My friend and former colleague Jan Risher often inspires me. She recently was inspired by another friend who told her about his Thanksgiving List – a list of memories to be written and shared around the annual Thanksgiving feast.
The idea is to write a memory for every year of your life. They can be simple memories or times from your life that have “staying power,” as Jan put it. I’ll start my list with one that involves Jan and Thanksgiving. Then I’ll share only four others, because I started this list too late. Consider yourself owed 26 more stories ...
1. Thanksgiving never was a huge holiday for my family. That has been reserved for Christmas. Since college, I only have traveled home to Kansas once for Turkey Day. So, while living in Louisiana, Jan invited me to the annual Thanksgiving feast she has at her house. She opens the front door to welcome almost anyone and everyone who doesn’t otherwise have plans. Thanksgiving for Jan is Christmas for me. I spent longer at Jan’s house that day with what felt like a tour around the world. There was the widest array of people sharing their favorite dishes and laughing and playing games. It was that day I realized the true meaning and value of Thanksgiving.
2. My parents always made family vacations a priority. Sometimes we’d just make the short trip to Colorado and stay an extended weekend among the mountains. But each trip was special. The most memorable of these vacations happened when I was only 7 or 8. My parents woke my brother and I up, and we packed everything into the camper shell of our Ford pickup. They said they didn’t know where we were going, and we believed them. For two weeks, we traveled through most of the country – at least the parts East of Kansas. By the end of the trip, we’d gone to Nashville and the Grand Ol’ Opry, Disney World, all the way up the coast to New York City and Washington, D.C. We even saw Ronald and Nancy Reagan during our brief time in the nation’s capital. Always and forever, I remember so many more details about this trip than I could share. The memories were endless, and sleeping in the back of that pickup on an inflatable pool float was just the beginning.
3. Smurfs were my life when I was 4 years old. They were all I cared about, really. And I had everything with a Smurf on it, including a Big Wheel plastic tricycle. I loved that thing so much, and I rode it up and down in front of the sidewalk in front of our house in Shubert, Nebraska. My favorite times on my Smurf Big Wheel were when my brother, Wade, would give me a boost. We lived at the bottom of a big hill – one we weren’t supposed to climb without permission, I’m sure. One day Wade carried my Big Wheel up to the top of the hill and pushed me all the way down. I’m sure it was a really bad idea at the time, but I remember feeling like I was going a million miles an hour. The memory is so vivid and clear, and it’s one of the first things I remember from my life.
4. When I went off to college, my mom followed me there in a minivan filled with enough belongings to spread across my half of the dorm room.
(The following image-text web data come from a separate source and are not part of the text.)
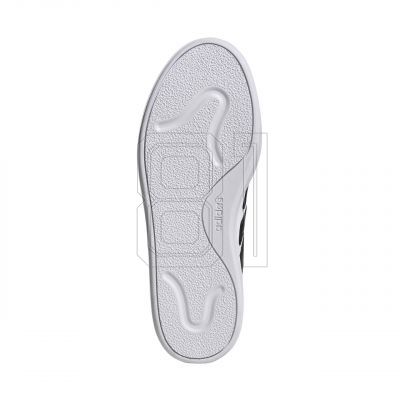 12. Adidas Courtblock M IF4033 Schuhe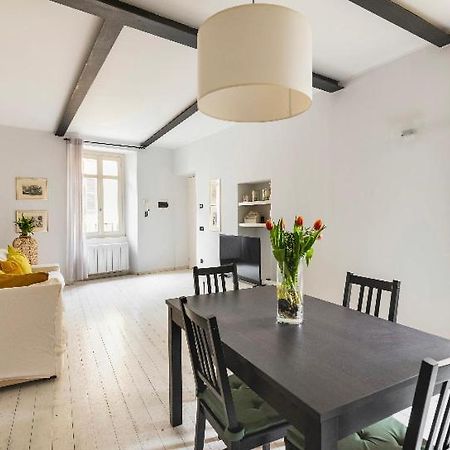Casa La Breva Apartment Леко Екстериор снимка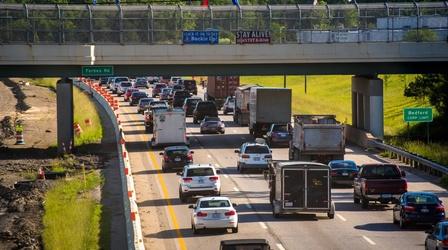 Video thumbnail: Ideas Cleveland, Akron and state leaders promote safety for summer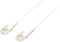 Bandridge BCL7225 - Netwerkkabel - RJ45 - 25 m - Wit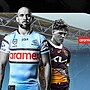 NRL Match Preview: Round 16 v Broncos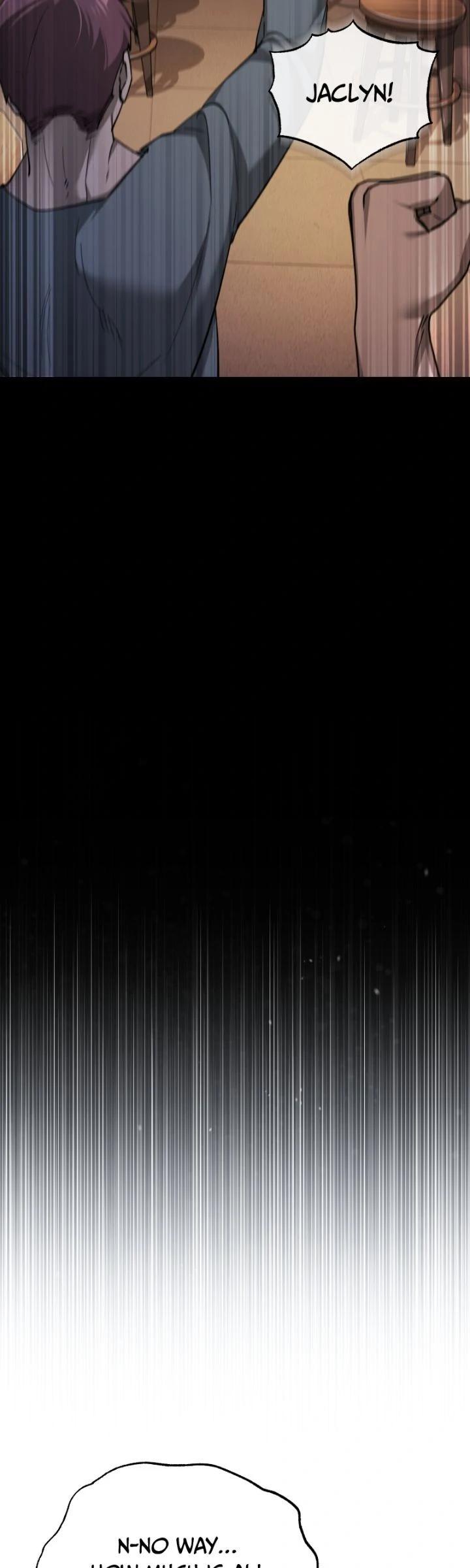 Descended from Divinity Chapter 121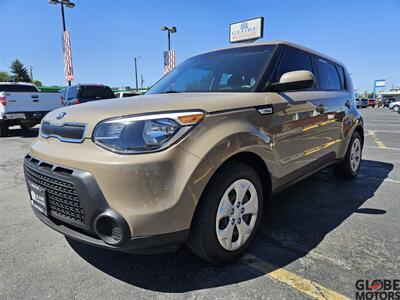 2015 Kia Soul   - Photo 7 - Spokane, WA 99202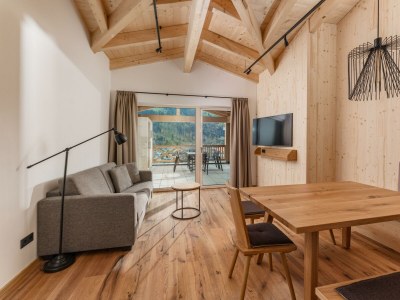 Apartment Cozy.Penthouse - 1 Schlafzimmer, 1 Badezimmer - Outdoor photo 16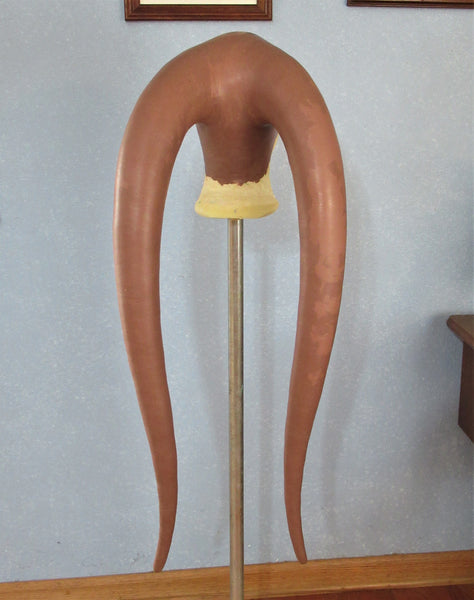 Numa Style Lekku - Flesh Tone or Custom Color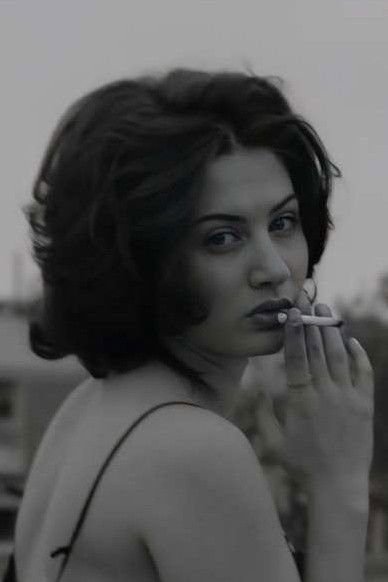 et billede af Ljubica Kmetović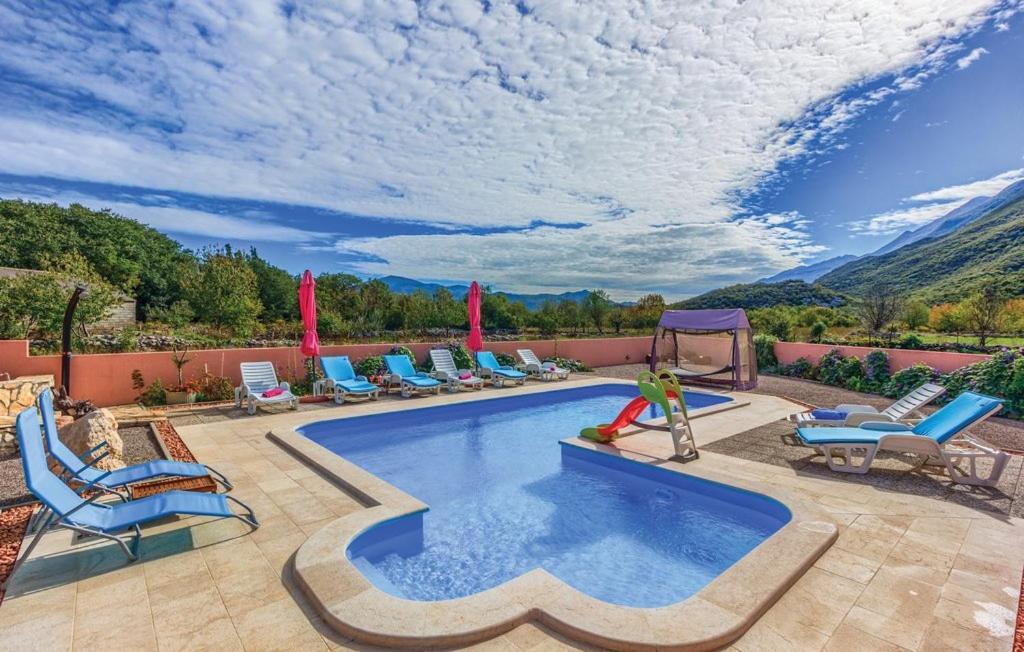 Holiday Home Perunika Zezevica Εξωτερικό φωτογραφία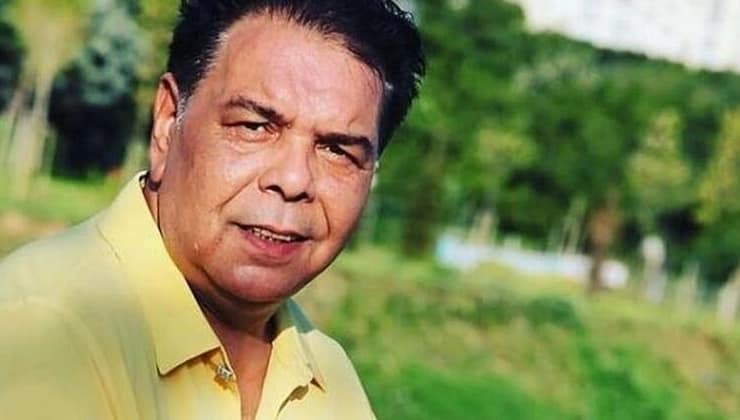 Müzik Dünyasını Sarsan Haber: Balık Ayhan 2 Gündür Yoğun Bakımda Uyutuluyor!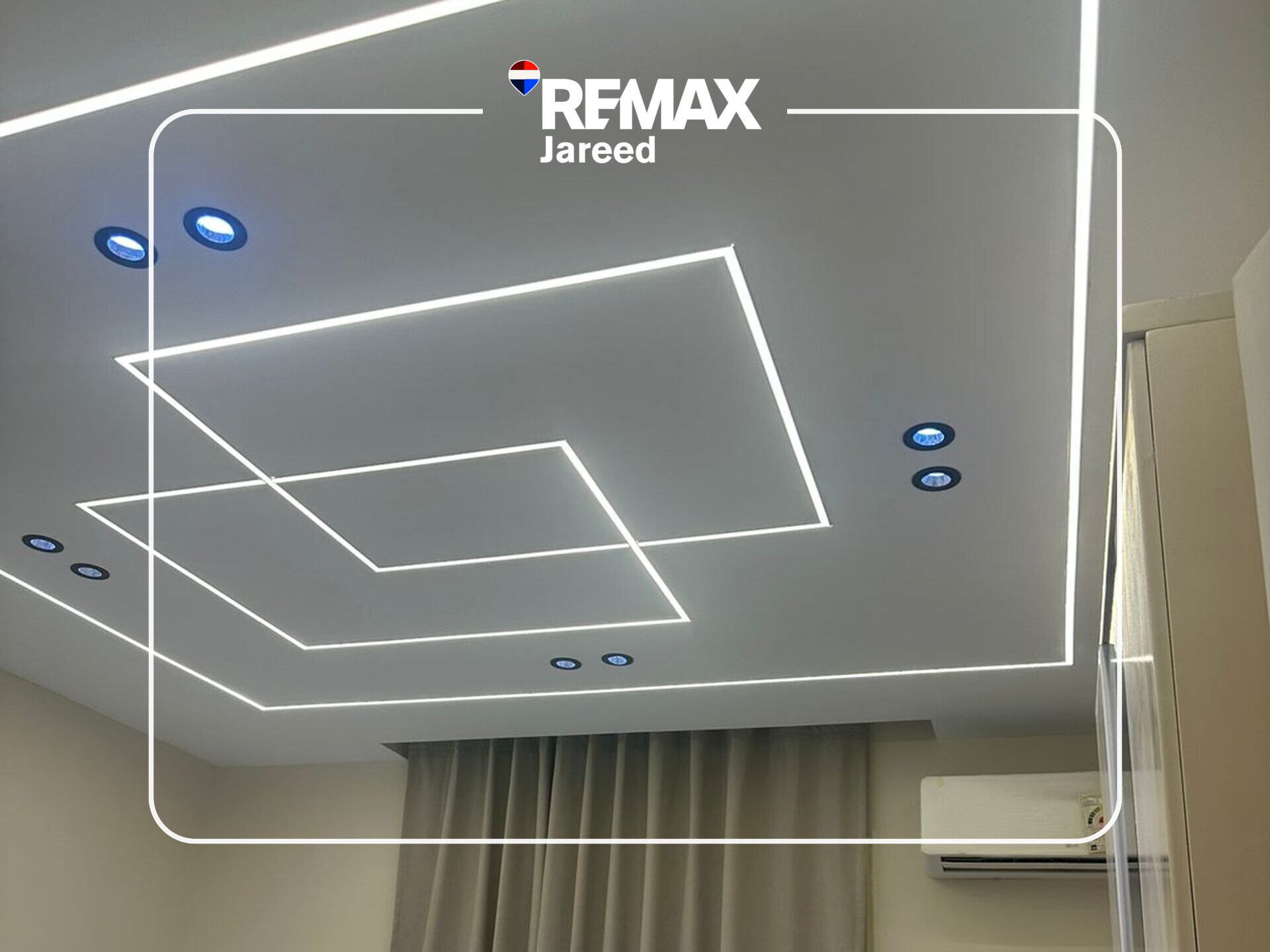 🏡 For Rent | Furnished Apartment in Janna October Compound - Photo 3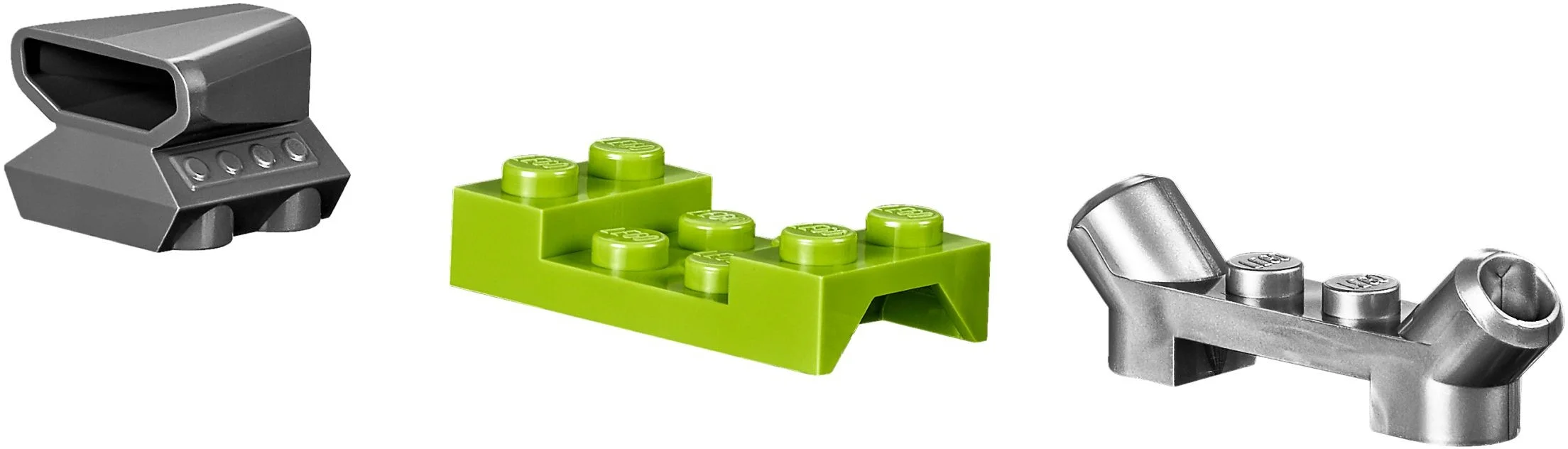 LEGO® 10744 Szalona ósemka w Thunder Hollow - zdjęcie 14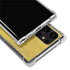 Colombia Flag Distressed Galaxy S24 Ultra Clear Case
We went shopping and bought some dorm-friendly groceries – Capri Sun, Little Debbie snack cakes and other things I plucked from the shelf. Before she took off to go back home, we went to lunch at the Pizza Hut buffet. I only ate one slice of pizza, half a breadstick and a tiny bit of salad. My mom said, “You’re nervous, aren’t you?” I insisted I was fine, just not hungry. Of course I was nervous, and I just couldn’t admit it. That day has always been a reminder that moms know best.
5. Before I moved to Seattle, I spent several vacations visiting my best friends here. We would hang out for long weekends, and I would return to back to Michigan or Louisiana – depending on where I was living at the time – and try to figure out how I could move to Seattle. One particular trip started with my arrival and meeting my best friend Heather and her fiancĂ©, Mike, for dinner at DeLuxe. We sat at a table in the bar area and ordered Washington Apple martinis. I can still taste them (and not just because I now live about six blocks from the DeLuxe). Mike didn’t know me very well, but he knew how much Heather meant to me. And how much I meant to her, I soon would learn. As we sat and laughed, Mike asked me to do the honors and perform their wedding ceremony. It was my honor. The next year, another incredible memory was made when I returned to Seattle as an online-ordained minister to perform an outdoor wedding ceremony to marry two of my best friends overlooking the Seattle skyline. Both of these days are ones I never will forget.